I think it is a wonderful thing that more women are now in the game. For awhile, I was worried that women were not forthcoming in the industry. Gradually, they started emerging in the scene. First was Tiwa savage, followed by Waje and later Omawunmi. It’s a blessing to the industry. More female rappers are also emerging

on the scene; Shasha has been there for a while just as myself. It can only get better and bigger with time.

Nothing much has been heard from you in recent times?

I am actually in the studio recording my latest songs. We have actually shot a video for one of the new songs. We are editing right now. We are also recording more songs, in fact, I just want to round off by doing a few collabos. I have already done some collabos but I want to do more .By the grace of God we are good to go. Yes, I know that my fans are missing me. This evening(at grand finale of Felaberation 2014), when I mounted the stage, I was almost in tears. The kind of reception given to me on stage was overwhelming.

In less than two years, the female singers in Nigeria lost two of their colleagues, Goldie and Kefee, to the cold hands of death. Do you think they left a vacuum in the industry following their sudden exit?

I don’t know. You know they just started growing in the industry. Kefee was around for a while and to come to term with the fact that she’s no more is still a shock to me. May God continue to protect and preserve us. And we will continue to do things to make them proud wherever they may be.

What would you say was the greatest mistake you have made as a singer?

I think as a musician, the moment you stepped into the spotlight, you have lost your right to privacy. That’s the only thing I can say on this matter. I am a very, very private person, but now, I have lost it to the public.

Why are you always described as a controversial singer?

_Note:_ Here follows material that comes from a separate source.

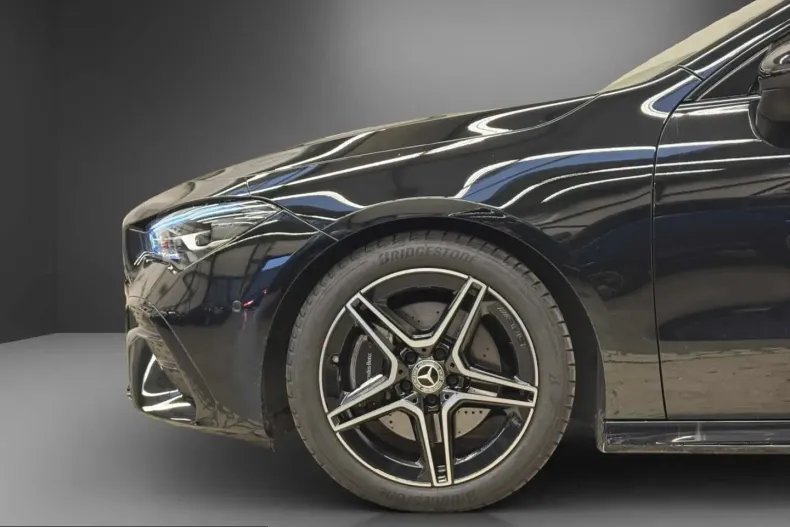 Mercedes-Benz CLA 200 (Clasa CLA) din 2024 cu 24.027 km - oferta MER208234 - foto 4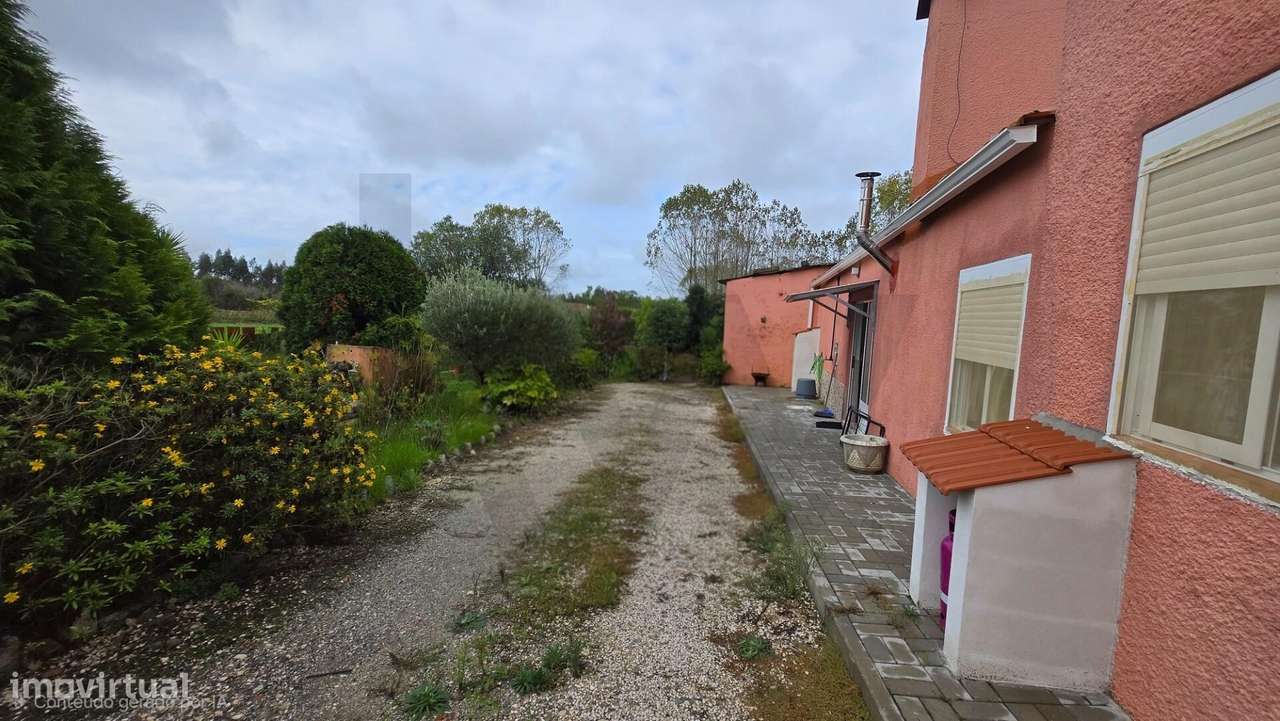 Moradia Gandaresa em  Rio Tinto ouca vagos com terreno e floresta-42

I don’t know why. Sometimes, when you are different and unique, people tend to put you in a box. I don’t think I am controversial at all. I am just like everybody else. Well, that’s part of the price I have to pay as a public figure.

What’s one funny thing that has happened to you on stage?

I was performing in Lekki. Then I used to wear two rings and it happened that somebody held my hand and was dragging one of my rings from my finger. I was resisting him, but at point, I allowed him to take the ring because I didn’t want him to hurt me. It pained me because the ring was very expensive.

You have a masculine look?

I am a fit person. I hardly put on women’s clothes.

Is weird MC planning to marry some time soon?

It’s in God’s hands.

But there is a man in your life?

Yes, there’s a man in waiting. You have to be patient.